Burry has a strong track record of spotting bubbles and successfully betting big against them. He also shorted the dot-com bubble and made a killing from that. So, when he makes a short, you pay attention. Some people have pointed to his failed short of the S&P 500 in 2023 as proof that he has lost his touch. But if the AI bubble hadn't been propping up the US economy (the S&P 500 would have shrunk if not for a handful of AI companies growing), he would have won big from that position. He also correctly predicted the crash of meme stocks and crypto leverage markets before they plummeted.

So, when Burry announced he had shorted Nvidia and Palantir, two of the largest publicly traded companies involved in the AI bubble, everyone took notice. Particularly as this short is not small by any means, with a total short valuation of $1.2 billion. That makes it almost as large as his eventual position in 2007! What's more, Burry has a habit of increasing his short position the longer it takes the bubble to burst. So this position is likely to increase significantly from here.

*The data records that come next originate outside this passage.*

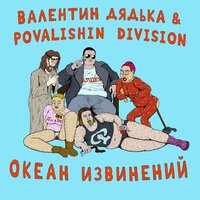 Абьюз - Валентин Дядька & Povalishin Division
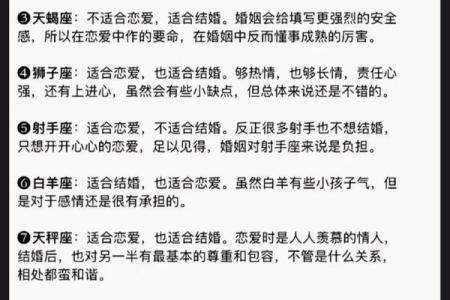 2018年星座运势大解析，了解你今年的爱情与事业走向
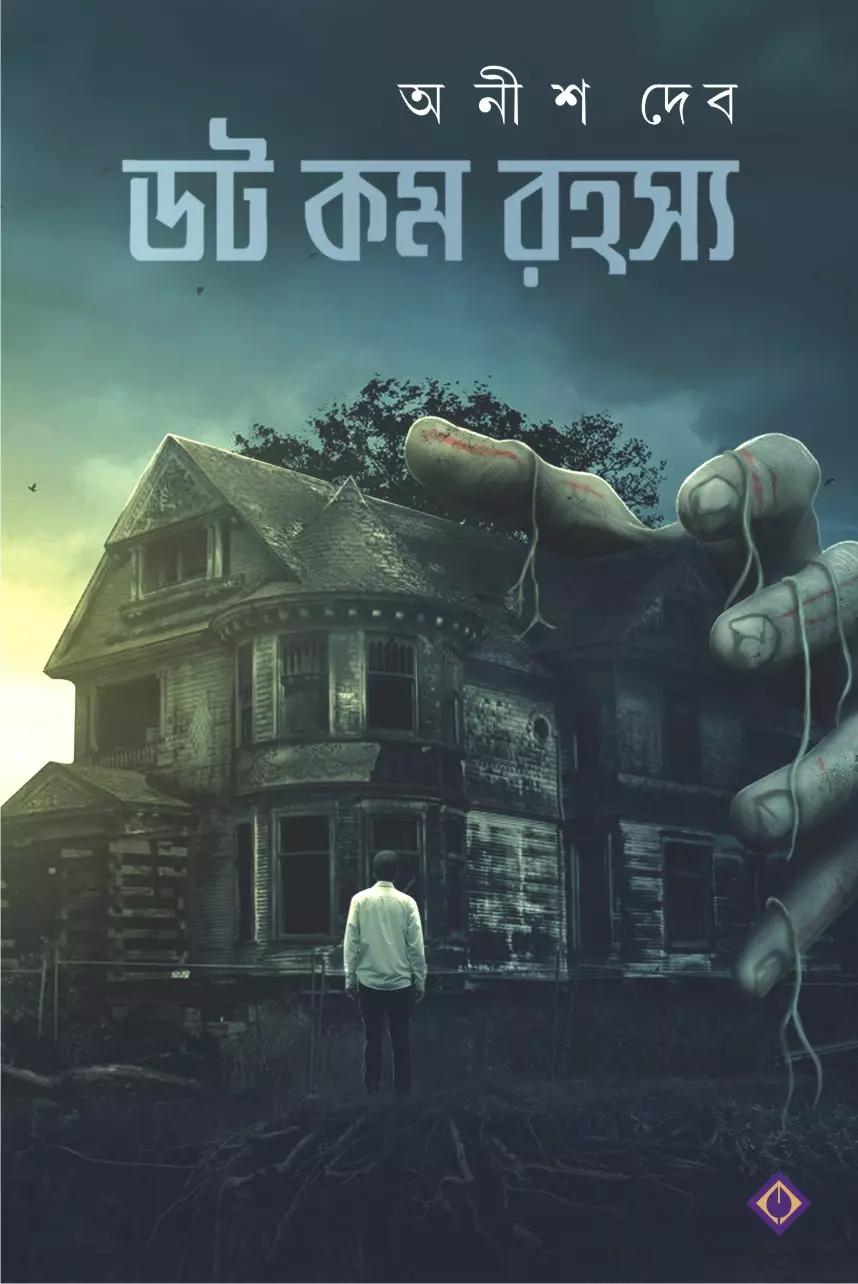 ডট কম রহস্য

Can you blame him? Since 2023, Nvidia shares have increased 13-fold, while Palantir has increased 30-fold! These are the largest companies that grew the AI bubble. Yet, the businesses they are tied to, where this considerable extra value has come from, are widely unsustainable and valued on demonstrably false speculation. This bubble is huge, and these are the obvious picks to short.

And it isn't just Burry trying to pit substantial shorts against the AI bubble. So too is the investment bank Deutsche Bank.

They have been one of the largest lenders for the expansion of AI data centres, lending billions upon billions of dollars over the past few years. However, AI data centres are even less profitable than AI (read more here), and this critical infrastructure is guaranteed to become worthless when the AI bubble pops, just as network infrastructure did after the dot-com bubble. To protect itself against the severe exposure, Deutsche Bank is actively considering shorting AI-related stocks, according to the credible Financial Times.

Let me spell that out. A major global investment bank is actively shorting its own gargantuan investments to protect itself from losses. That is insane! To take a short position large enough to stem this potential multi-billion-dollar hole would also mean that if the AI bubble didn't pop, this short position would be so expensive it would almost certainly negate any gains from these investments. They are effectively putting themselves in a lose-lose situation. They would only ever consider doing that if the potential losses they have exposed themselves to are significantly greater than the consequences and almost certain to occur. In other words, Deutsche Bank knows the AI bubble is going to pop, and soon, and is bracing for impact.

Why does this matter? Why should you care that Burry is shorting the AI industry as heavily as he did the subprime mortgage market? Why do you need to know about a major investment bank moving to take an unprecedented short against its own colossal investments?

Because it proves this bubble is here and is going to pop sooner rather than later. And when it does, it will make 2008 seem like a breeze. The US is already functionally in a recession, with GDP stagnating once the AI boom is taken out of the picture (read more here). And the AI bubble is predicted to already be four times larger than the subprime mortgage crisis. When this bubble bursts, it will decimate the US and global financial systems to a level never before seen in human memory. This isn't an upcoming storm but a Category 5 hurricane coming our way. And, I don't know about you, but I definitely think we should all prepare, however we can, for when it makes landfall.